I'm not much of a scotch drinker (I lean more towards Irish whiskey), however, recently picked up a bottle of blue label. I'm curious to know if it is really that good compared to other scotches or is the price point simply high. Thanks in advance for any and all responses.


----------



## contract (Dec 1, 2008)

I can honestly say that I prefer many single malts that are 1/2, 1/3 or 1/4 the price. I think it is the price point that makes it the golden standard for those new to scotch.


----------



## Speedie (Nov 24, 2009)

I can only tell red apart. Red is disgusting. All of the others taste the same to me...maybe its because im always way past drunk when I've tried them.

My uncle is an avid scotch drinker (almost an alcoholic) and he loves it.


----------



## Frodo (Oct 1, 2009)

jadeg001 said:


> I'm curious to know if it is really that good compared to other scotches or is the price point simply high.


Most scotch enthusiests I know like the dram but conceed that the price point is simply outragous. It really is a nice pour though if it was my $$ I would have bought Lagavulin 16...


----------



## Scott W. (Jul 10, 2008)

JWB in my opinion is overrated and way overpriced.


----------



## LincolnSmokes (Nov 5, 2009)

I would concede JW is a little overpriced. But I really enjoy the green label.


----------



## Frodo (Oct 1, 2009)

LincolnSmokes said:


> I would concede JW is a little overpriced. But I really enjoy the green label.

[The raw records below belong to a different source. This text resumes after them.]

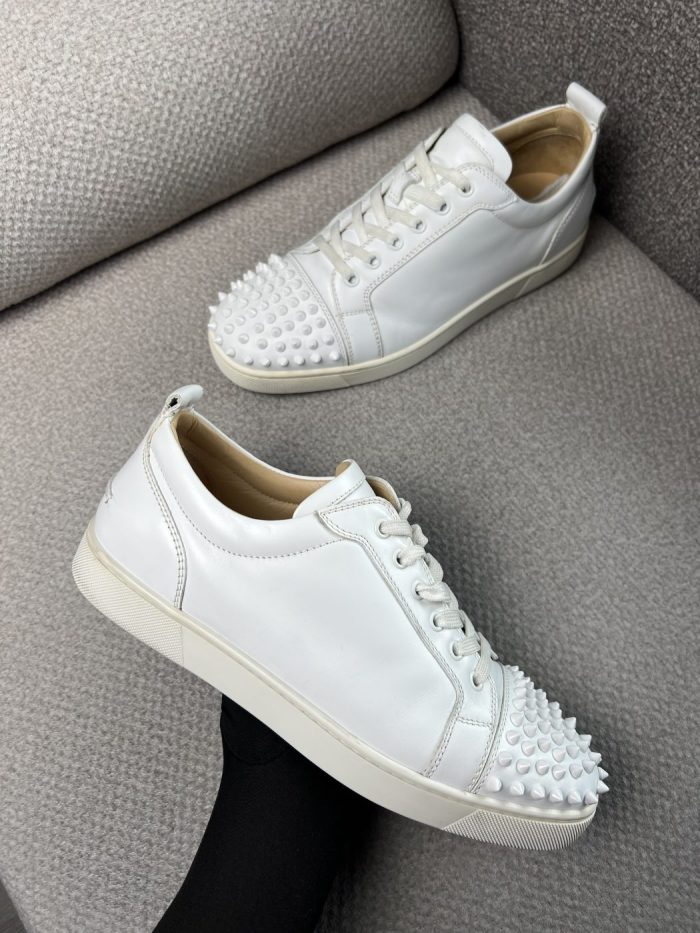 Tenis Christian Louboutin Con Picas - Image 3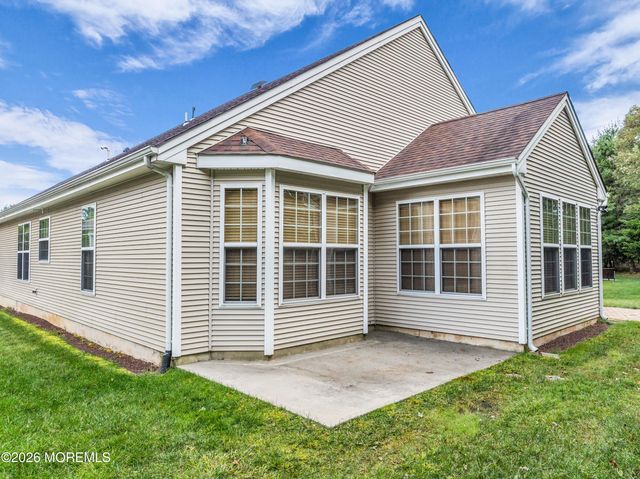 8 Mystic Cove Terrace, Barnegat, NJ 08005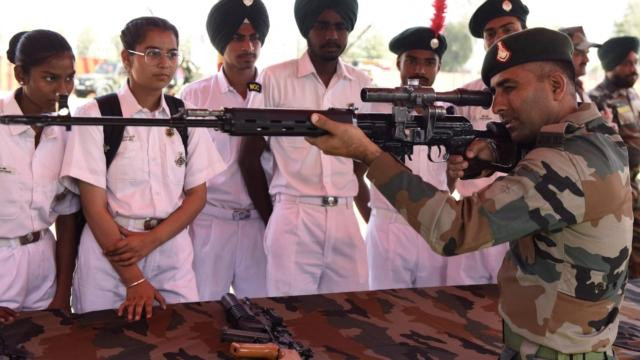 Ấn Độ là khách hàng mua vũ khí Nga nhiều nhất và hiện nay cũng tiếp tục mua dầu mỏ từ Nga với giá rẻ hơn Ảnh: Getty Images Ấn Độ là khách hàng mua vũ khí Nga nhiều nhất và hiện nay cũng tiếp tục mua dầu mỏ từ Nga với giá rẻ hơn Ảnh: Getty Images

Yeah, there's not much with a similar flavour profile to the Green Label.


----------



## rajuabju (Sep 14, 2008)

I love Blue Label.

But for the price, it is WAY overpriced. 

They've simply done the best marketing job of any Scotch distiller. Only Macallan comes relatively close in brand recognition for the average person.


----------



## Frodo (Oct 1, 2009)

rajuabju said:


> I love Blue Label.
> 
> But for the price, it is WAY overpriced.
> 
> They've simply done the best marketing job of any Scotch distiller. Only Macallan comes relatively close in brand recognition for the average person.


Agreed 100%!!!


----------



## ToJo (Jun 24, 2009)

It's damn good. But I haven't tried green. Not sure what the price difference is either. 
I haven't tried many scotches, but it's the best I've tried.


----------



## commonsenseman (Apr 18, 2008)

I personally prefer Gold Label, but Blue is good too.


----------



## minicooper (Oct 3, 2009)

If blended Scotch is your thing, you can't really go wrong with Johnny Blue, though, like the others have said, you probably could do better for the money. The one thing I do appreciate about Johnny blue is that it is extremely consistent.


----------



## LincolnSmokes (Nov 5, 2009)

ToJo said:


> It's damn good. But I haven't tried green. Not sure what the price difference is either.
> I haven't tried many scotches, but it's the best I've tried.


I've always found green to be a bit chepaer.


----------



## JGD (Mar 2, 2009)

Thanks to all those who replied, it seems the consensus is that its a bit over priced- makes me happy I bought it at a duty free store at least. I still haven't cracked it as I've been a bit sick so I'll post my opinions when I do.


----------